START SOURCE RECORDS
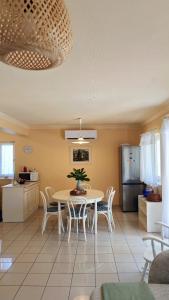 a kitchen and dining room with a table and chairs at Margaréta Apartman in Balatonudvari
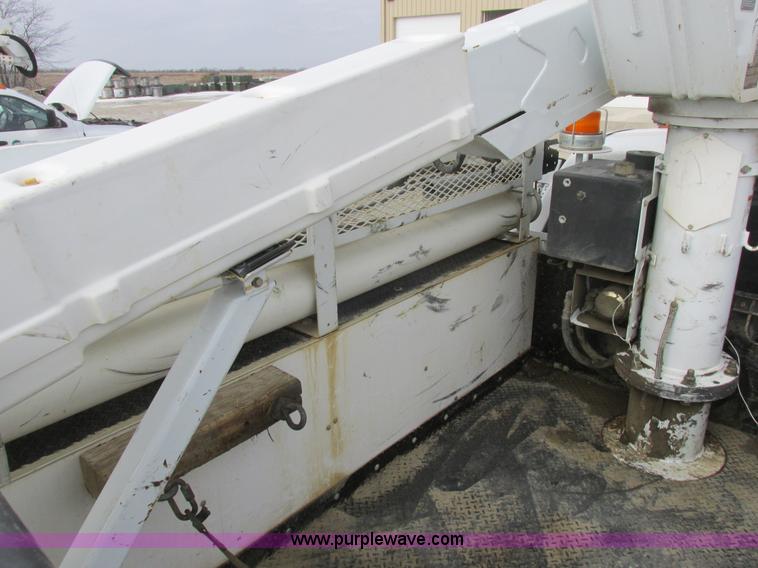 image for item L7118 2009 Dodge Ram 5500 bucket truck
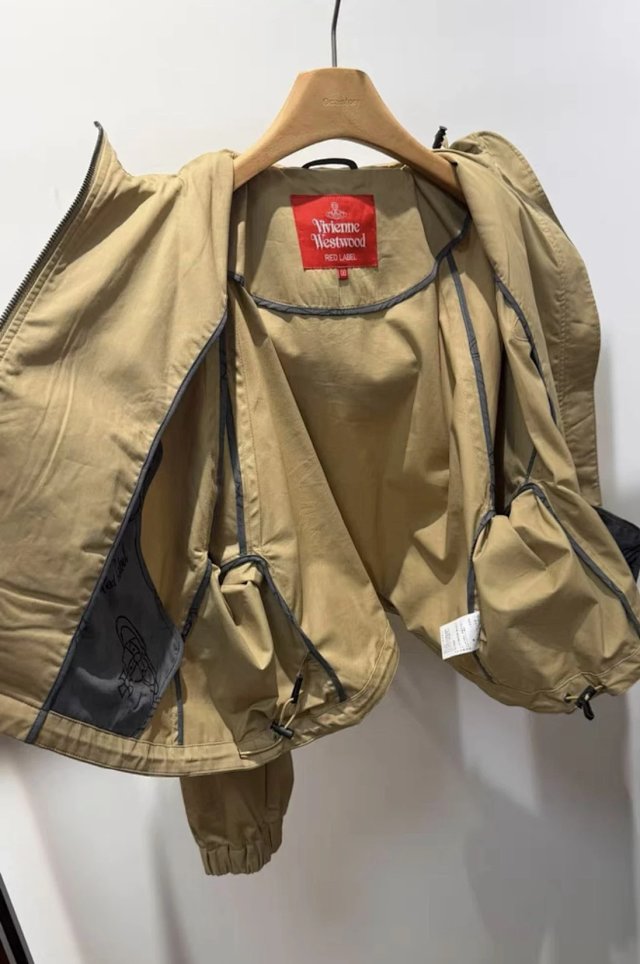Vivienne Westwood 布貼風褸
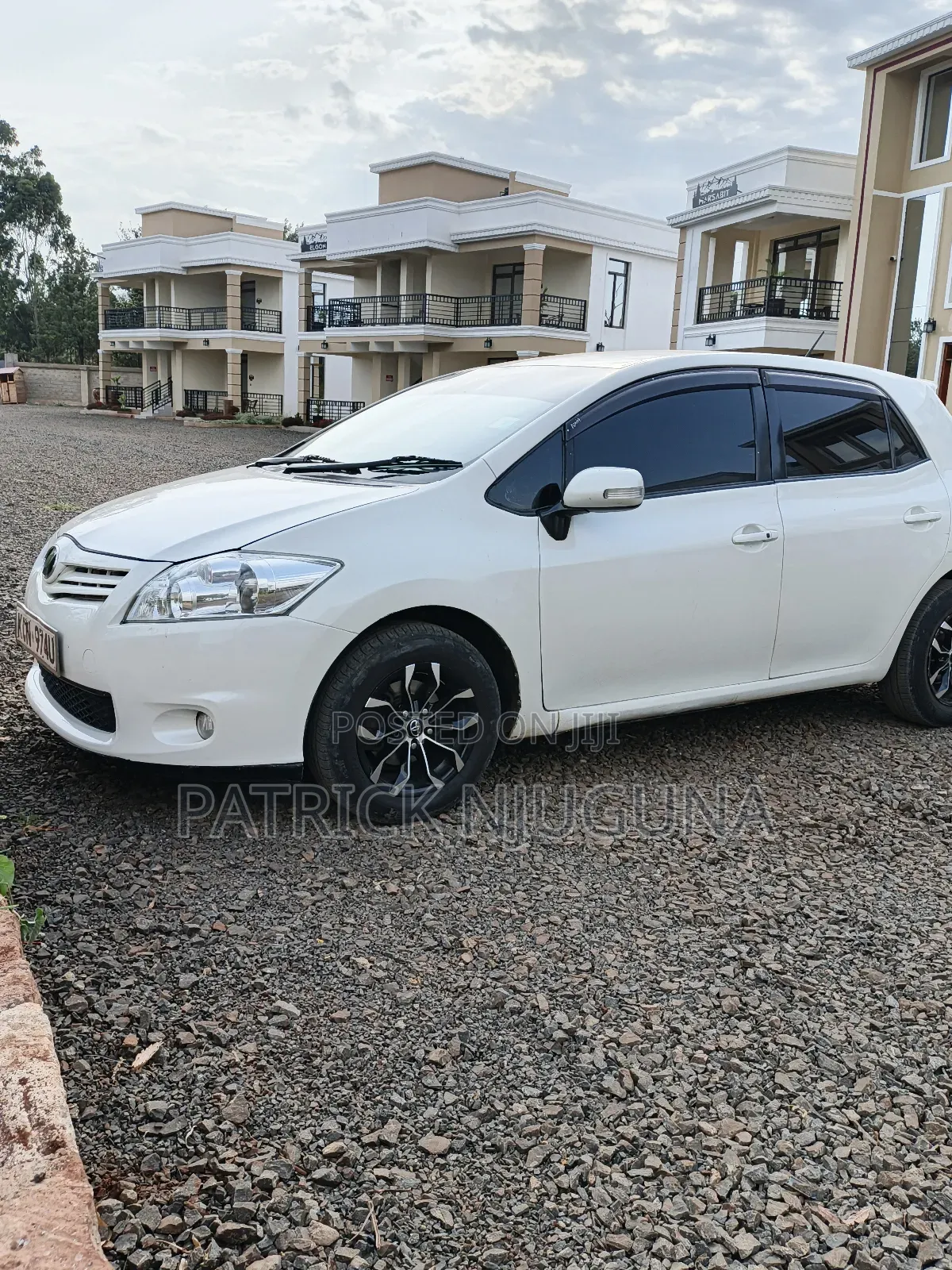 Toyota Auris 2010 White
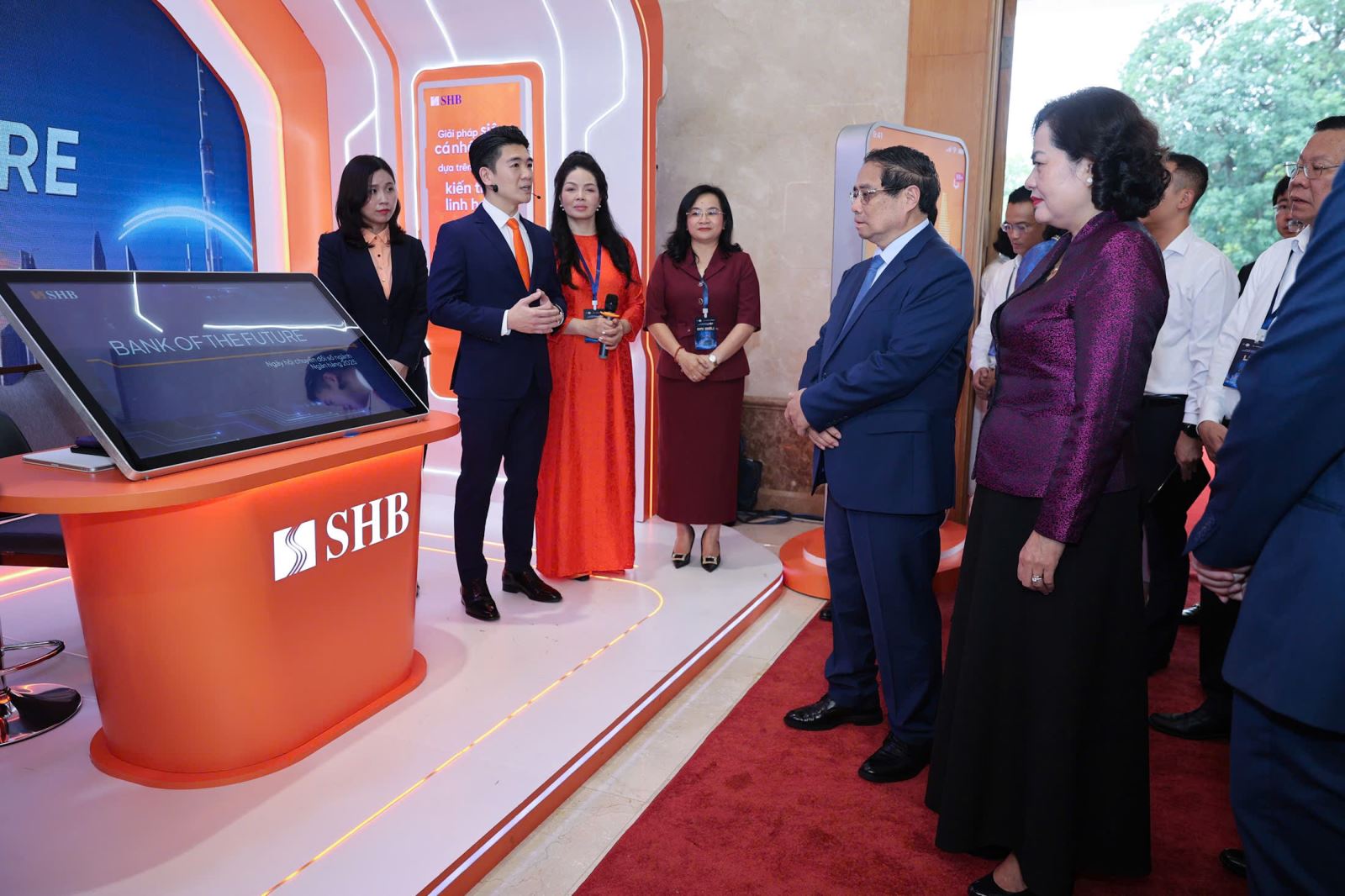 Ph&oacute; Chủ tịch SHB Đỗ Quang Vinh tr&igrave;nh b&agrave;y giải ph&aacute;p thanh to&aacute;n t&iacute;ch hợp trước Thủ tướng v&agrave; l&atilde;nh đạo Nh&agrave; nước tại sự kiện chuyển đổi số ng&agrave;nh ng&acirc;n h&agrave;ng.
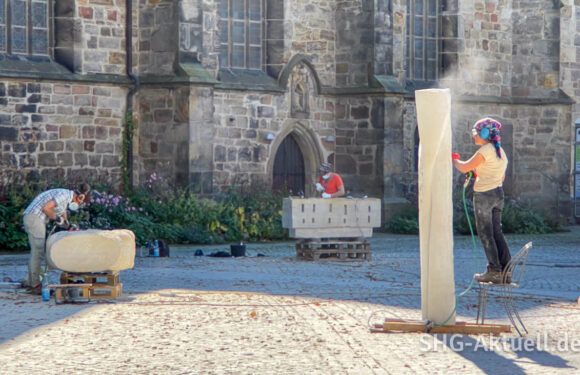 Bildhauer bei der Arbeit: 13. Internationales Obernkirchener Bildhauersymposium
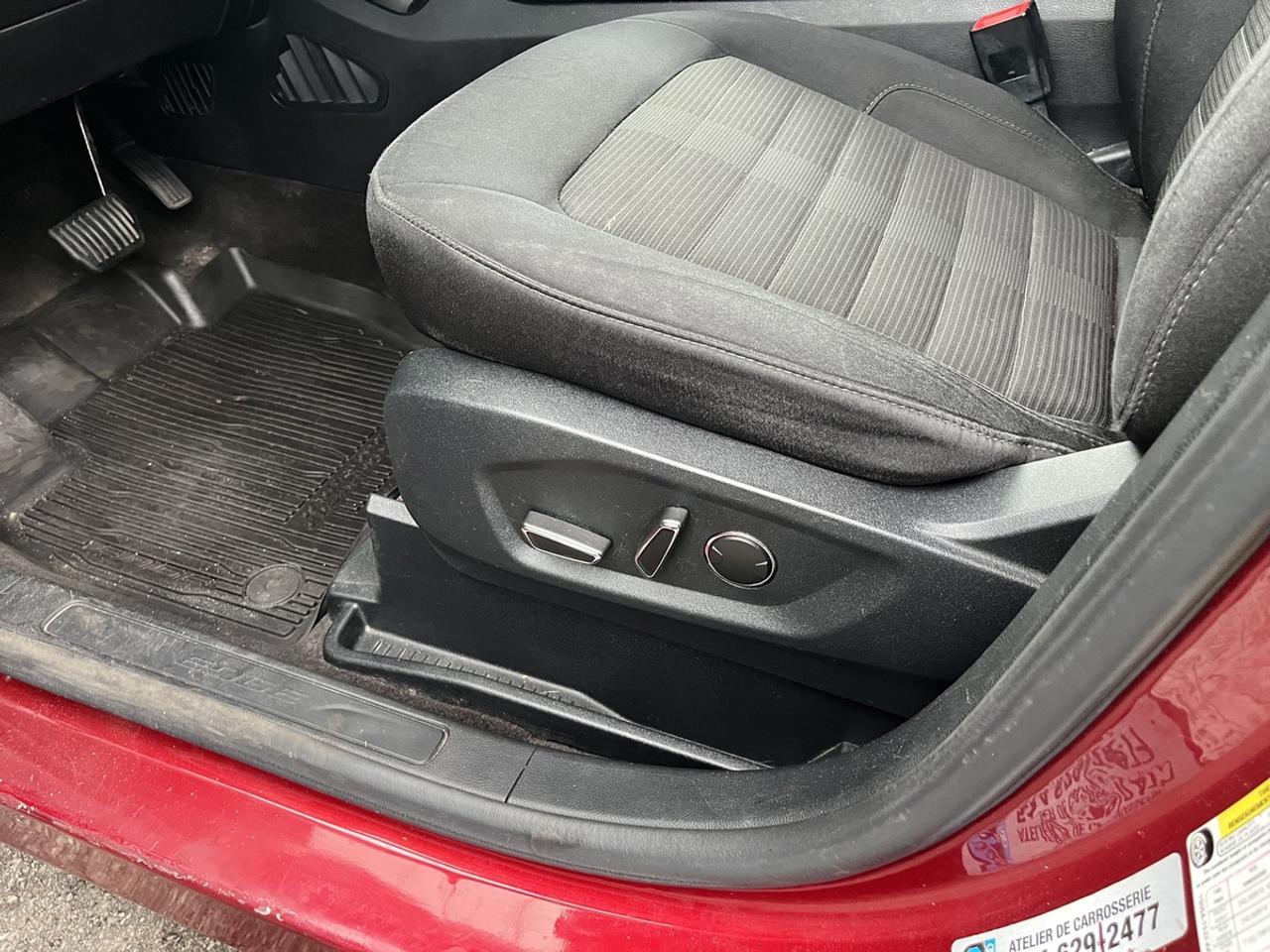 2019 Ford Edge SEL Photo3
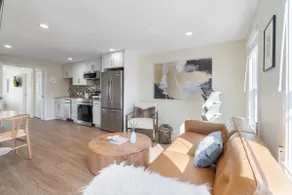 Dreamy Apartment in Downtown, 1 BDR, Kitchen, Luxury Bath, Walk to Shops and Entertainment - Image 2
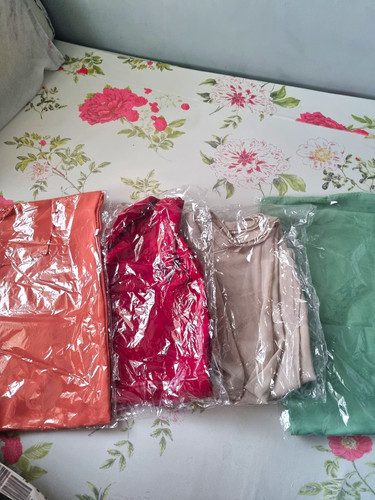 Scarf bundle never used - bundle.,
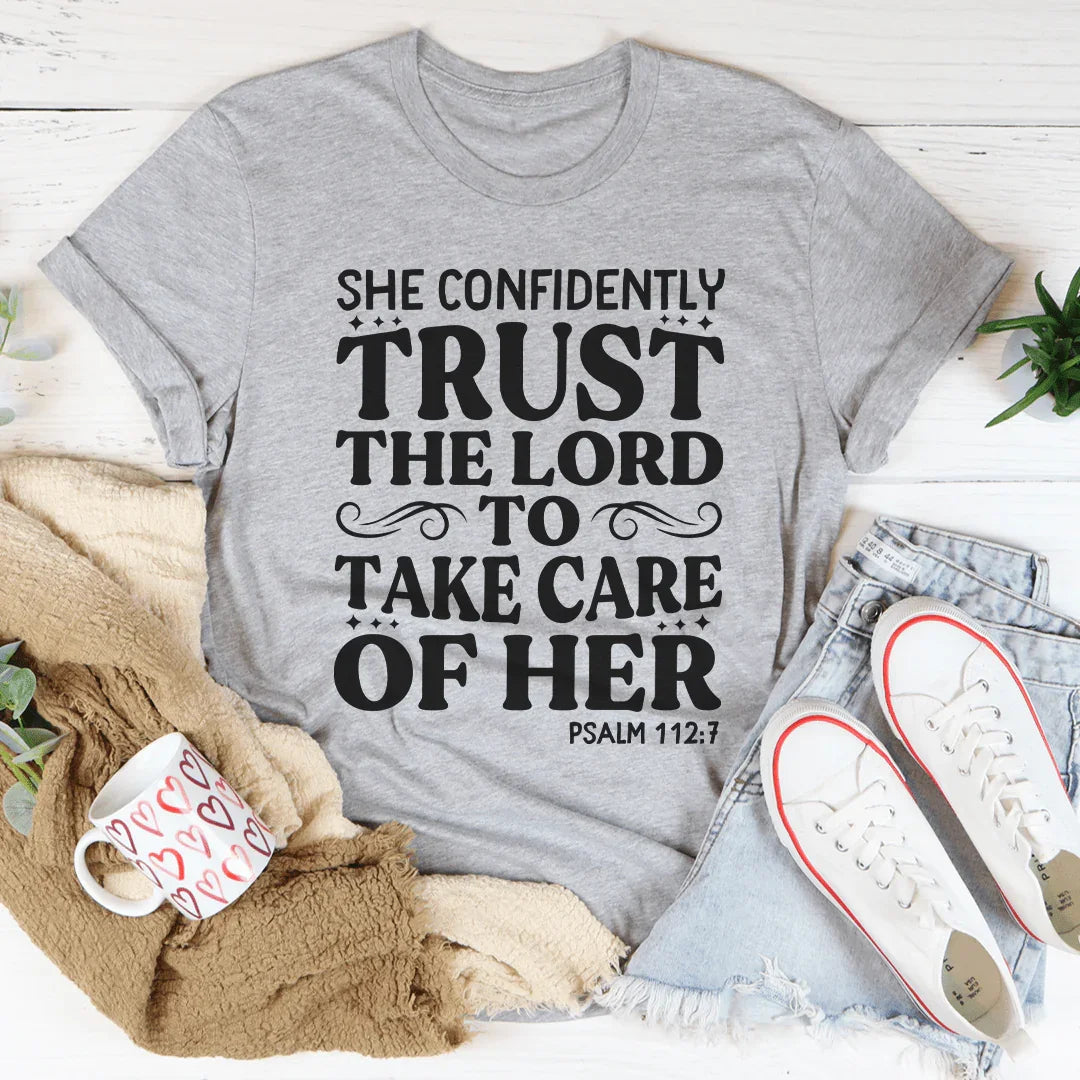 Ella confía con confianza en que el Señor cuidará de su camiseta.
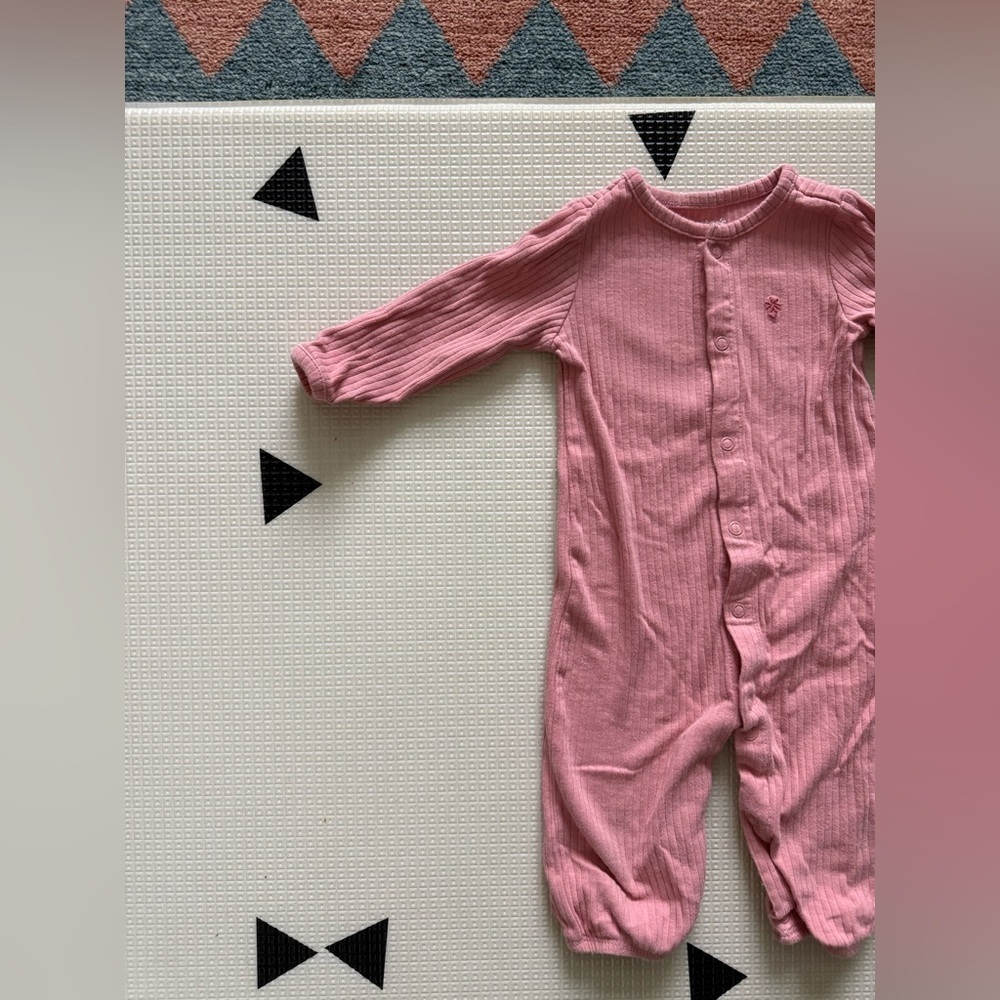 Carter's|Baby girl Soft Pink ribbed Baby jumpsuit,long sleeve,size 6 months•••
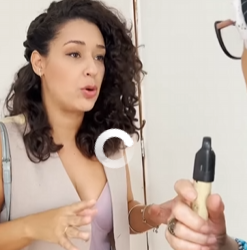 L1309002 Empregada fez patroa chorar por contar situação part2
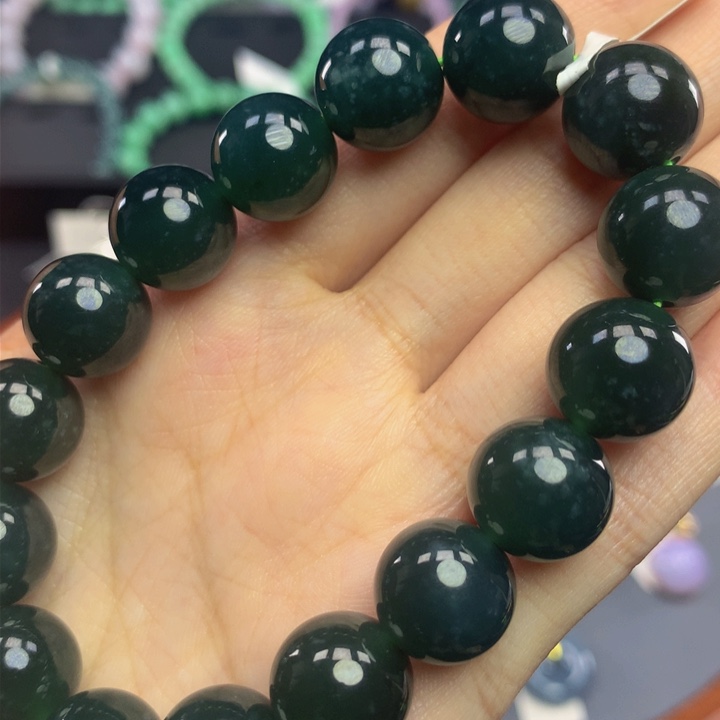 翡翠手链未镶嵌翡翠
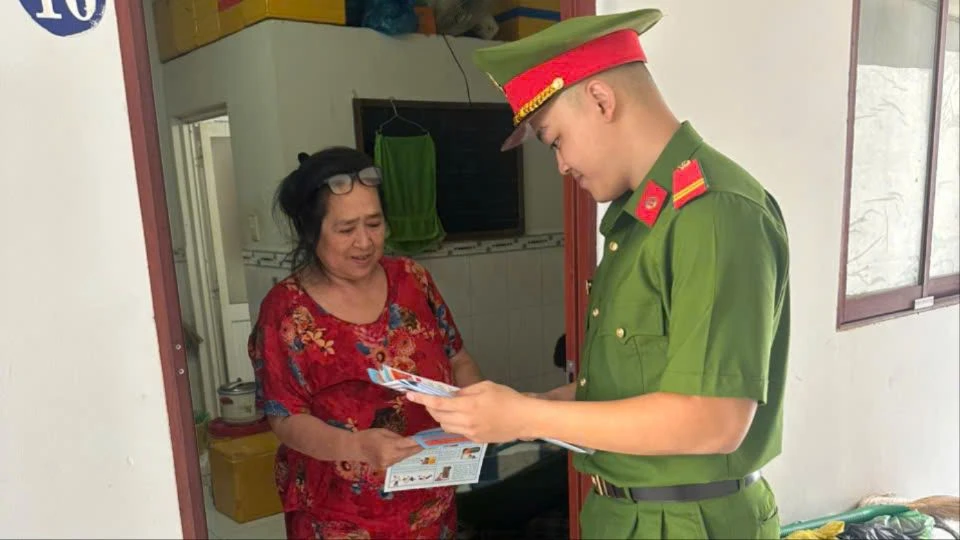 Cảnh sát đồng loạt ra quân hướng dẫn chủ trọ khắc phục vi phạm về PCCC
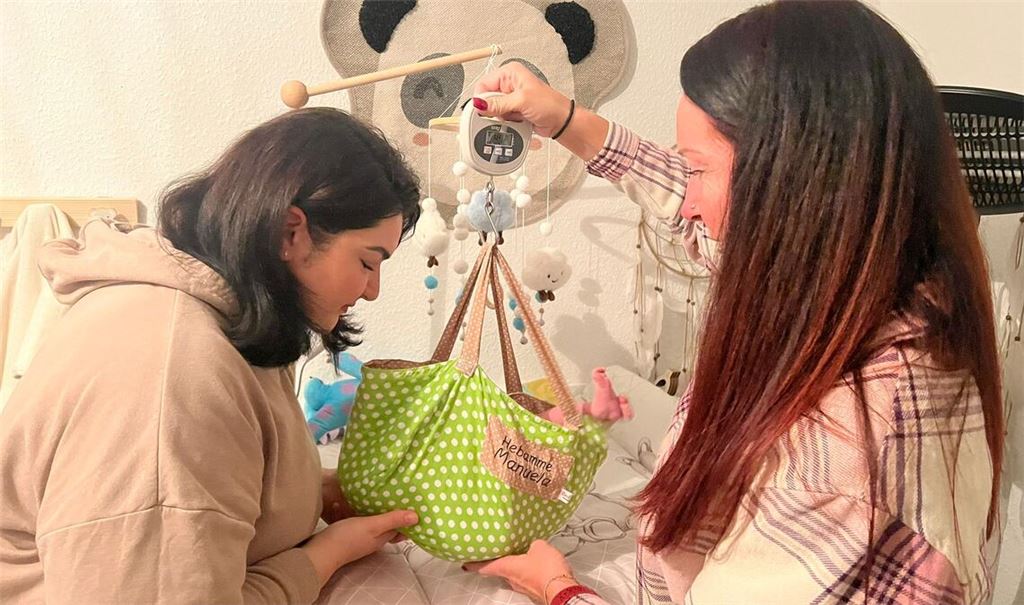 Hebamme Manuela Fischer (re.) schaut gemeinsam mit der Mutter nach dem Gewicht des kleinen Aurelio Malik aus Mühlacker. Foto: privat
END SOURCE RECORDS
Skip the pictures and quote each line of the entries above, from the first through the line with "Ph&oacute; Chủ tịch", exactly as it appears.

 a kitchen and dining room with a table and chairs at Margaréta Apartman in Balatonudvari
 image for item L7118 2009 Dodge Ram 5500 bucket truck
Vivienne Westwood 布貼風褸
 Toyota Auris 2010 White
 Ph&oacute; Chủ tịch SHB Đỗ Quang Vinh tr&igrave;nh b&agrave;y giải ph&aacute;p thanh to&aacute;n t&iacute;ch hợp trước Thủ tướng v&agrave; l&atilde;nh đạo Nh&agrave; nước tại sự kiện chuyển đổi số ng&agrave;nh ng&acirc;n h&agrave;ng.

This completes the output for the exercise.